ある日の出来事
その日は少し気温も高く夏の訪れを感じさせていたが、昨晩の肌寒さを考えると油断が出来ない。「風邪をひかないように気を付けないとな〜」そう自分に言い聞かせてイラストを描いていたのだが。
大まかなラフを描き、イメージを固めて線画にしていく。
ラフの線が多いため出来上がる頃には、イメージとの違いに毎回唸ってしまう。
「まあ、いいか」と、開き直りながら着色を始める。
元々、落書き感覚で描いたラフだった事もあり。線画もそうだが、背景もしっかり考えてなかった。
ただ一つ「今までとは違った着色をする」と、テーマを持って描いていたんだが……
調べてみると色々と塗り方があり。その中から自分にあった方法を探すとなると、片っ端から描いてみるしかない。正直な話、「無茶振りにも程が有る!」そう自分自身に突っ込みを入れ、渋々と作業を始める。
そこからは黙々と、調べて塗って唸り。そして、着色データを消し線画だけにしてから、一から塗り直す事を繰り返す。町内時報に気が付けば着色作業は半日は続いており、首から肩に掛けて怠さも感じ始めている。
「あ〜疲れたなぁ」と、言葉をこぼすが未だに自分にあった方法は見つかっていない。休憩を取る事も考えたが気力が衰えるのが嫌だった為、作業を続けることにした。
今度はグレーで濃淡をつける方法をとり塗っていく。よく知られている手法だが、自分にとってはあまり馴染みがないがやってみよう。
うん……良いのか悪いのか、さっぱり分からん!
この上にレイヤーを重ねて色を付けていくらしい。あ〜でも無い、こ〜でも無いと唸りながら試行錯誤をしていたのだが……着色作業に丸一日を費やした頃、精神的に限界を迎えてしまう。
「もう、統合して描いていけば良いんじゃね!」
技法も手法も無視した、傍若無人な言動である。が、ここまで開き直ると作業は俄然早くなり、出来上がったのがこれだった。
「うん、もうこれでいい」若干キレ気味に言い放つと、背景とタイトルを入れ自分の小説イラストにする。
まあ、しょうがないか簡単な事じゃ無いしね〜。
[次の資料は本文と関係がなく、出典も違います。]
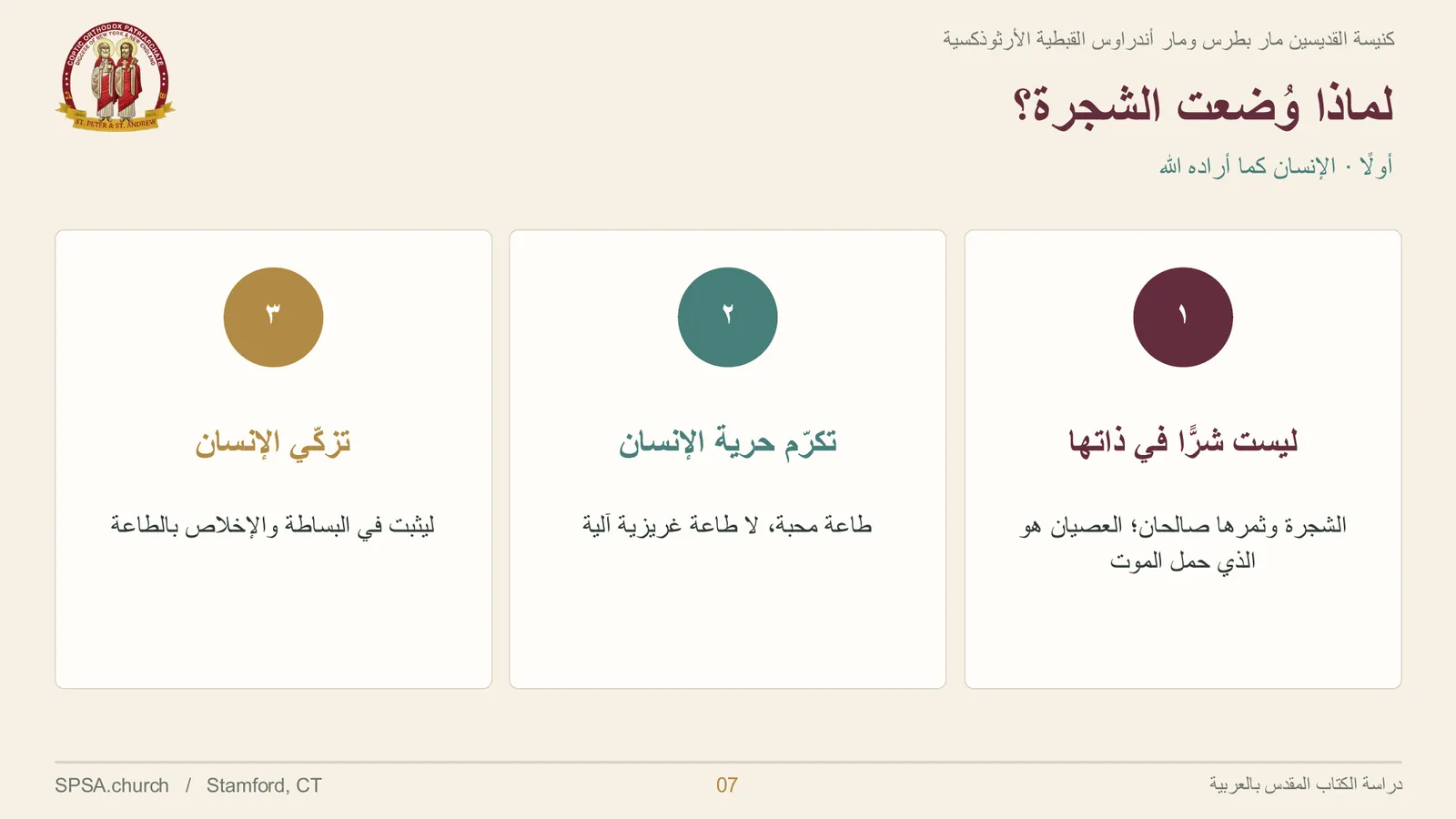 الشريحة ٧ من ٣١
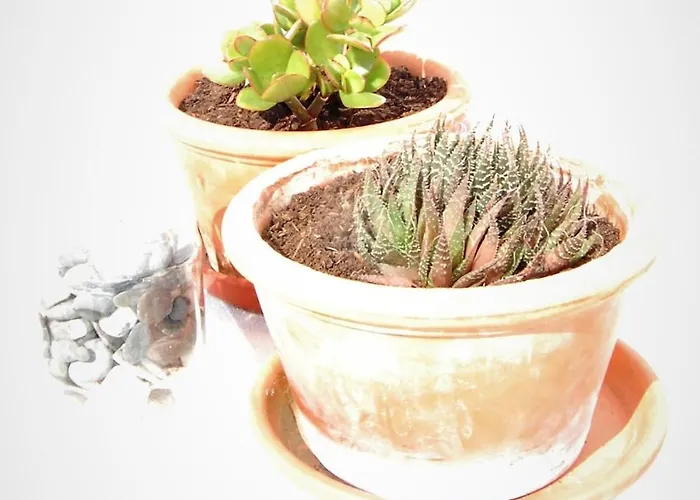 Arrifana - Casa Mares - Casa Na 펜션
自分を諌めるように呟き、両腕を天井に向けて伸ばした瞬間。
「ゴキリ!」と、部屋に響く不穏な音。
長時間に渡り同じ体制でいたので身体が固まっていたのか、音が響いた後に伝わってくる焼けるような熱。肩ではなく、首と背骨の境界線の辺りに痛みが走った。
「やっちまった! こいつあああやべえええ! ぬかったわあああ!」心の中でそう叫び、布団に潜り込み痛みを堪える。
とりあえずは様子を見て、最悪の場合は医者行くか。そう考えながら楽な姿勢を探り眠りに落ちると、翌日には痛みは消えていた。
様に思えたのだが! イラストを描いたり、キーボードを使おうとすると痛みが走った。それ以外では無かった事から、良くなるまで暫くは休むかという結論に至る。
「教訓、どんな作業も適度に休憩は取りましょう。後、猫背も治そうな」
そう自分に言い聞かせ、全快した暁にはタブレットのスタンド作ろうと思った自分でした。